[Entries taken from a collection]
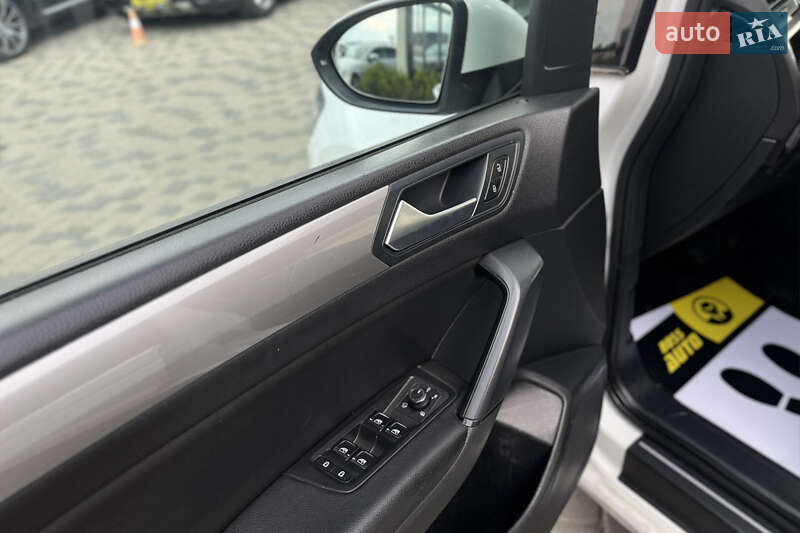 Мікровен Volkswagen Touran 2019 в Мукачевому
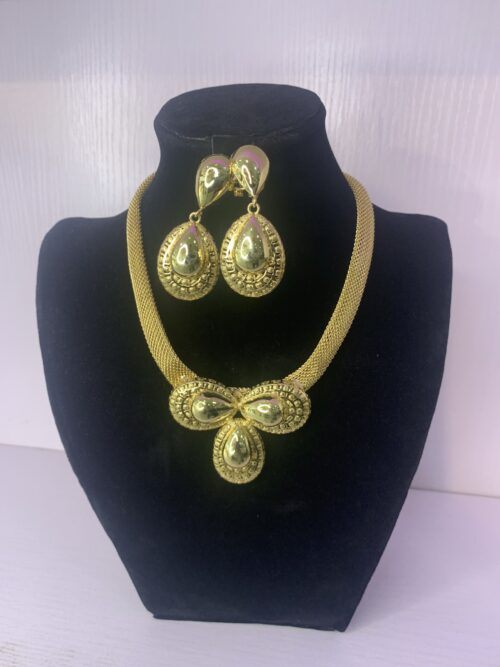 ELEGANT PENDANT NECKLACE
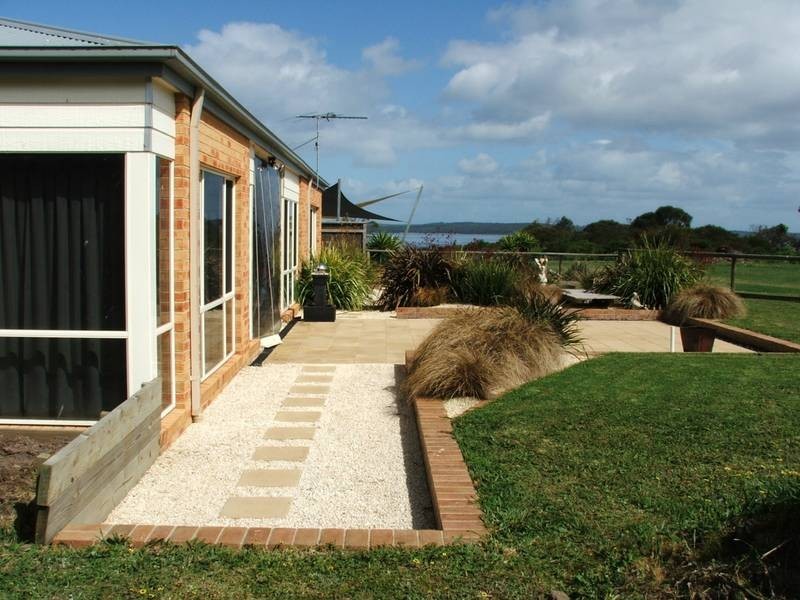 5 Mariners Crt, Corinella VIC 3984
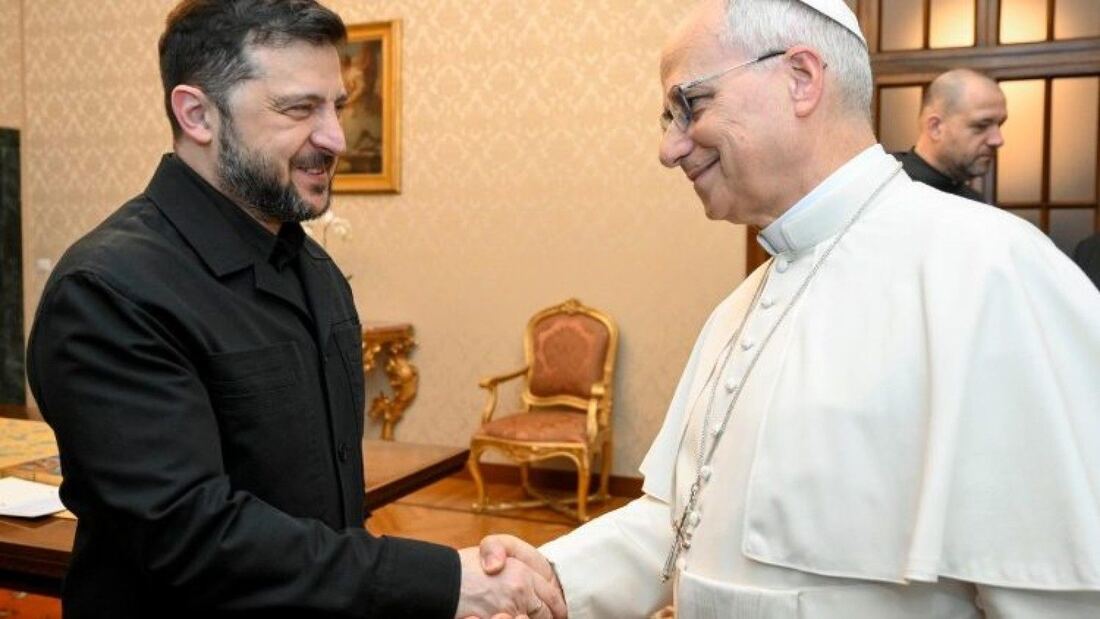 El Papa León XIV y Zelensky dialogan sobre la paz y los prisioneros en Castel Gandolfo

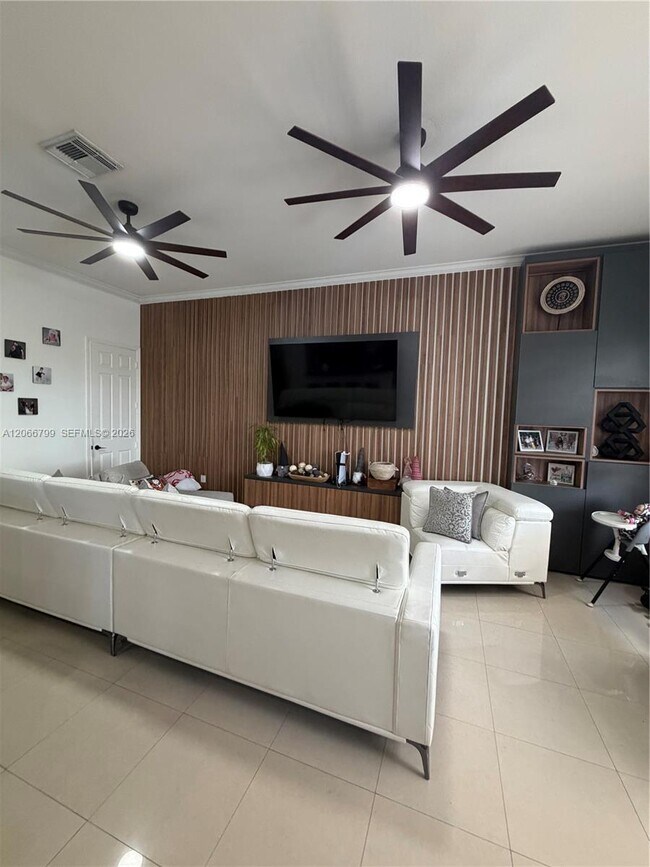 Building Photo - 8208 SW 166th Pl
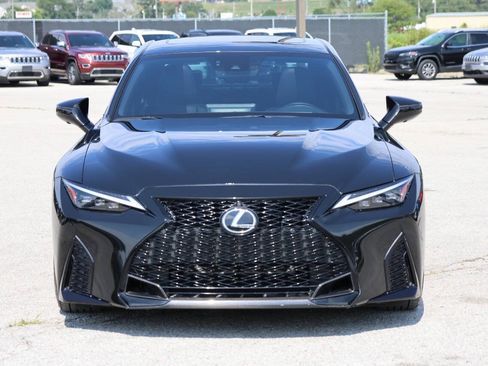 Used 2024 Lexus IS 500 RWD image 5
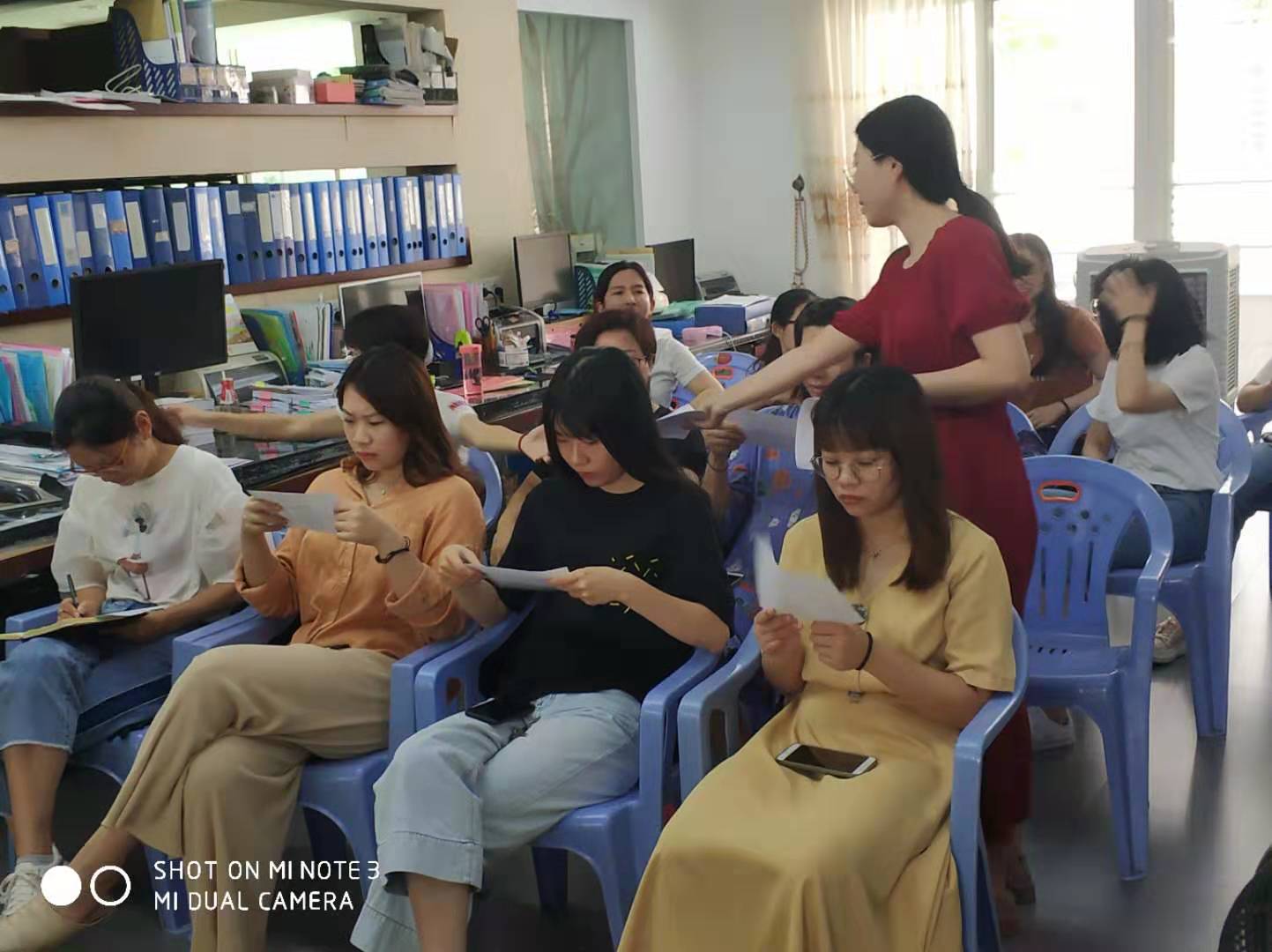 图片关键词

◆ TASK STATEMENT ◆
Transcribe the entries above verbatim, excluding any image.

◆ TASK RESULT ◆
 Мікровен Volkswagen Touran 2019 в Мукачевому
 ELEGANT PENDANT NECKLACE
 5 Mariners Crt, Corinella VIC 3984
 El Papa León XIV y Zelensky dialogan sobre la paz y los prisioneros en Castel Gandolfo

 Building Photo - 8208 SW 166th Pl
 Used 2024 Lexus IS 500 RWD image 5
 图片关键词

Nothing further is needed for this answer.